Codestin Search App

Democratizing Agentic Reinforcement Learning as a Service

Project Page · W&B · DeepWiki · Slack · Wechat

🌟 Key Features

Separation of Programming and Execution
- Users can perform RL training and inference without local GPU resources.
- Built-in Distributed Training and Job Scheduling manage resources transparently.
Separation of Environment and Training Code
- Simplifies the design of various agentic task environments.
- Includes support for any single-turn and multi-turn agentic tasks.
Seamless Transition from Training to Inference
- Environments and agentic workflows can be seamlessly connected to inference, allowing trained models to be directly applied.

📦 Installation

🔹 Common Setup (Client and Server)

Clone the Repository

git clone --recurse-submodules https://github.com/open-tinker/OpenTinker.git
cd OpenTinker

Install OpenTinker

pip install -e .

Install verl (core package)

cd verl
pip install -e .
cd ..

💻 Client Setup

After completing the Common Setup, no additional steps are needed.

Note
The client currently relies on a small subset of functions from verl. This dependency is transitional.

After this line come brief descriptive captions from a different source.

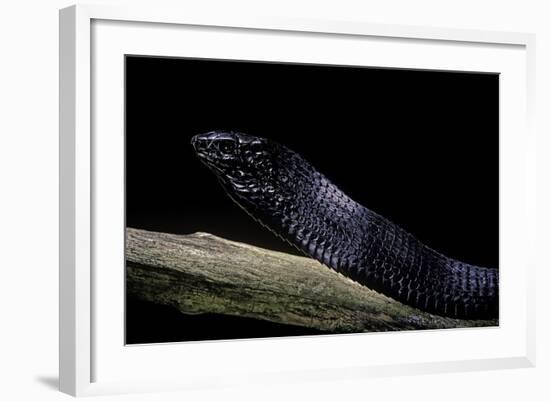 Thrasops Jacksonii (Black Tree Snake)-Paul Starosta-Framed Photographic Print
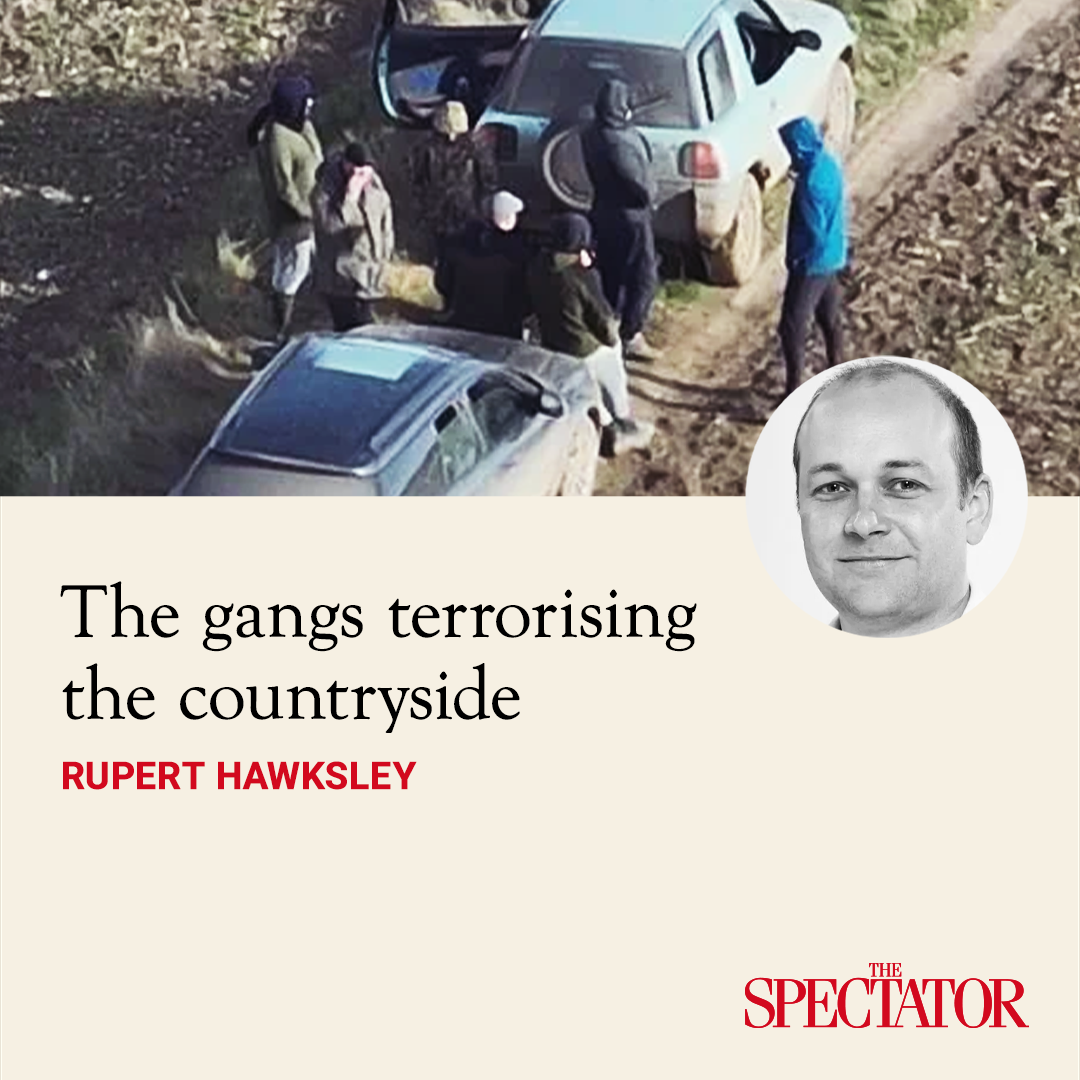 Post from The Spectator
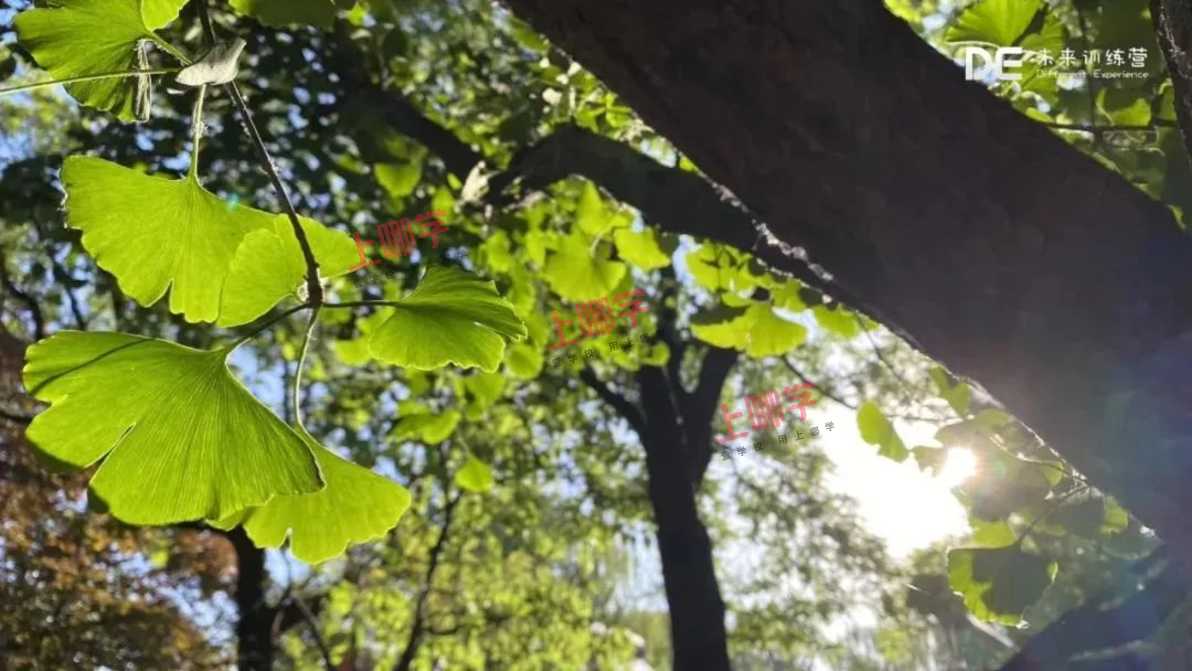 教育干货 | 美国心理学家验证了这五大原则可以有效激发孩子内在的驱动力，让孩子变得更加优秀！相关资料 2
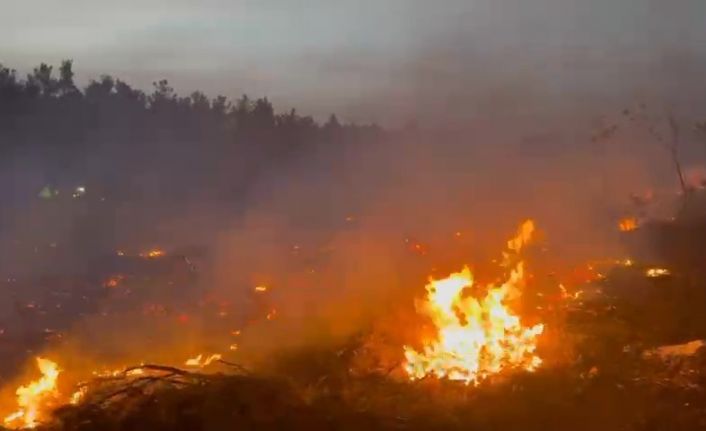 Köylüler ve ekiplerin seferber olduğu yangın kontrol altına alındı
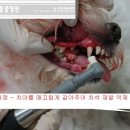 분당중앙동물병원 이미지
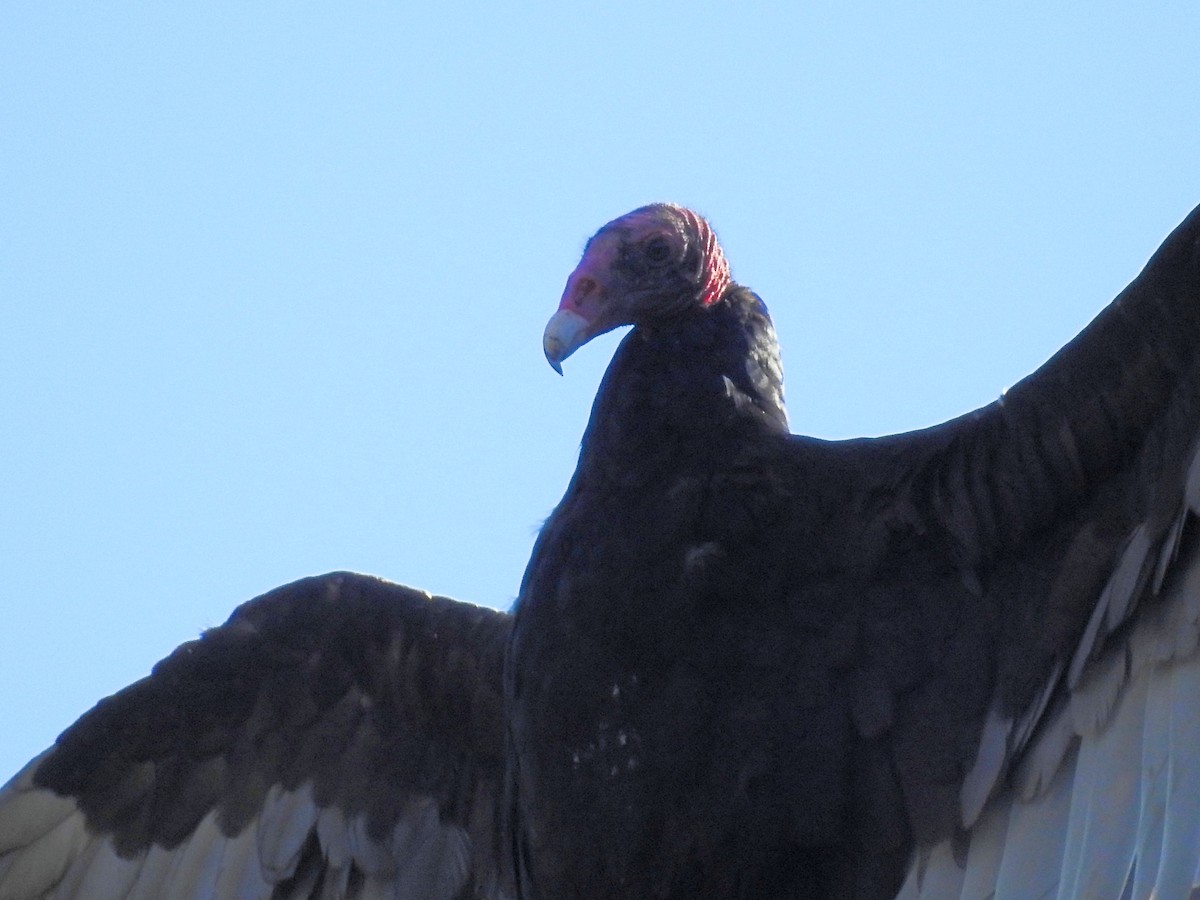 Turkey Vulture - ML638991901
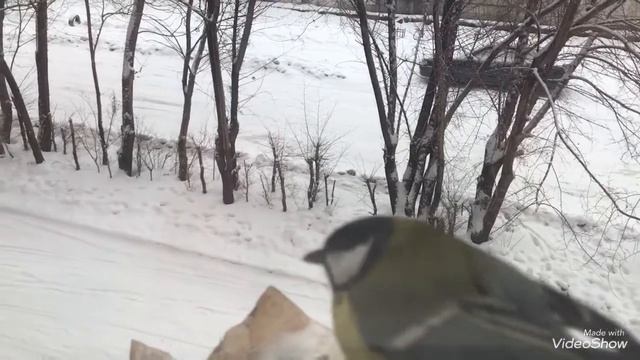 Покормите Птиц зимой.....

In future releases, the client will be fully decoupled from verl, allowing it to remain completely lightweight and independent of training-related code.

🧠 Server Setup

In addition to the Common Setup, it must install verl dependencies.

You can choose one of the following two approaches.

Option 1: Docker Installation (Recommended)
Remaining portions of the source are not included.